ACTIVITY
A verbatim copy of all the data is required, minus any images.

GIVEN DATA
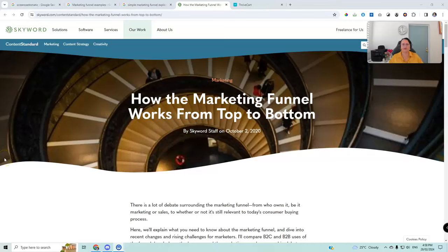When I speak to new people who are getting ready to have an online business, they hear this phrase called a funnel and they ask me what it means — they're hearing it everywhere. A marketing funnel is a widely used phrase and there are lots of different ways to learn about how it works. But really, it's just talking about the customer journey.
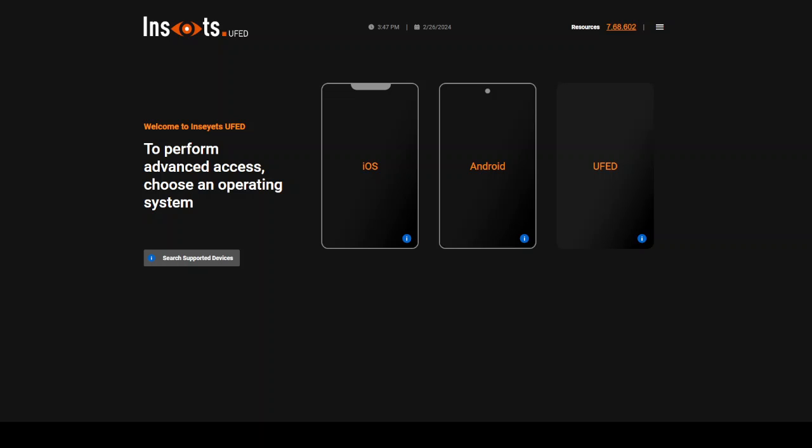This is the first time I'm doing a Tip Tuesday on it, and I decided to do this because I did some actual testing using the software a few nights ago. The testing I was doing required me to compare data extracted from a full file system of an iPhone to an advanced logical just to see if a database of interest was extracted.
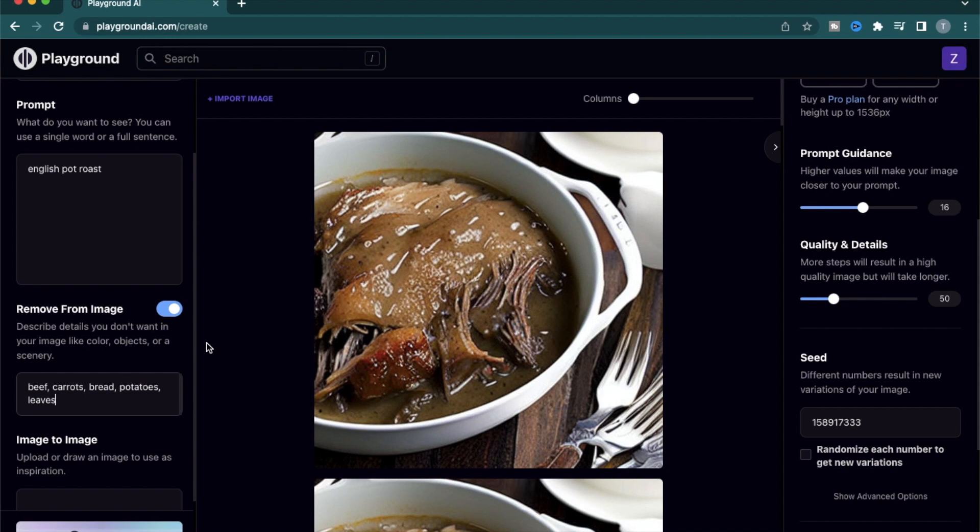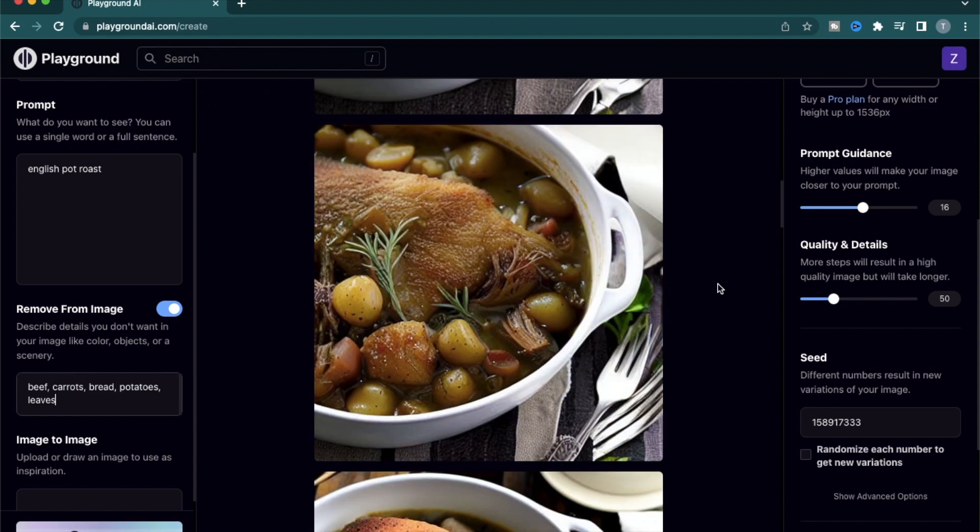I think you got the idea of image exclusions and additions. I personally like adding things one by one to see how my image changes versus putting in a whole big query together. That way I can reach a certain stage in my image generation and work with it.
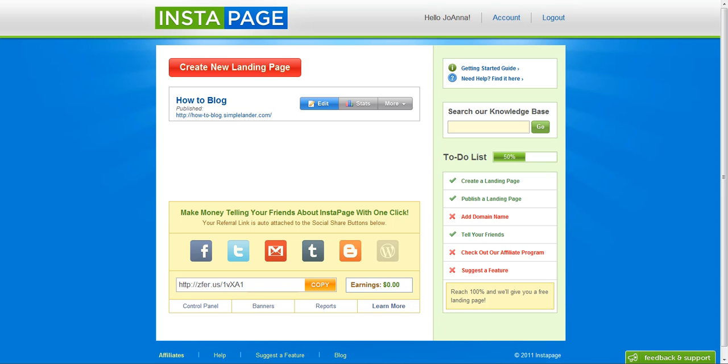This is Instapage. This is what I use to make my landing pages. It's $5 per publish per month.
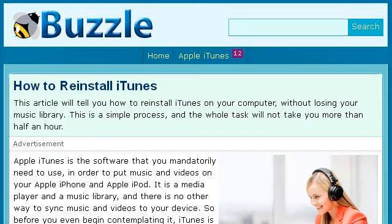Try also our second-ranked site, www.buzzle.com, especially the page 'How to Reinstall iTunes' on Buzzle. Here's the link.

EXPECTED OUTPUT
When I speak to new people who are getting ready to have an online business, they hear this phrase called a funnel and they ask me what it means — they're hearing it everywhere. A marketing funnel is a widely used phrase and there are lots of different ways to learn about how it works. But really, it's just talking about the customer journey.
This is the first time I'm doing a Tip Tuesday on it, and I decided to do this because I did some actual testing using the software a few nights ago. The testing I was doing required me to compare data extracted from a full file system of an iPhone to an advanced logical just to see if a database of interest was extracted.
I think you got the idea of image exclusions and additions. I personally like adding things one by one to see how my image changes versus putting in a whole big query together. That way I can reach a certain stage in my image generation and work with it.
This is Instapage. This is what I use to make my landing pages. It's $5 per publish per month.
Try also our second-ranked site, www.buzzle.com, especially the page 'How to Reinstall iTunes' on Buzzle. Here's the link.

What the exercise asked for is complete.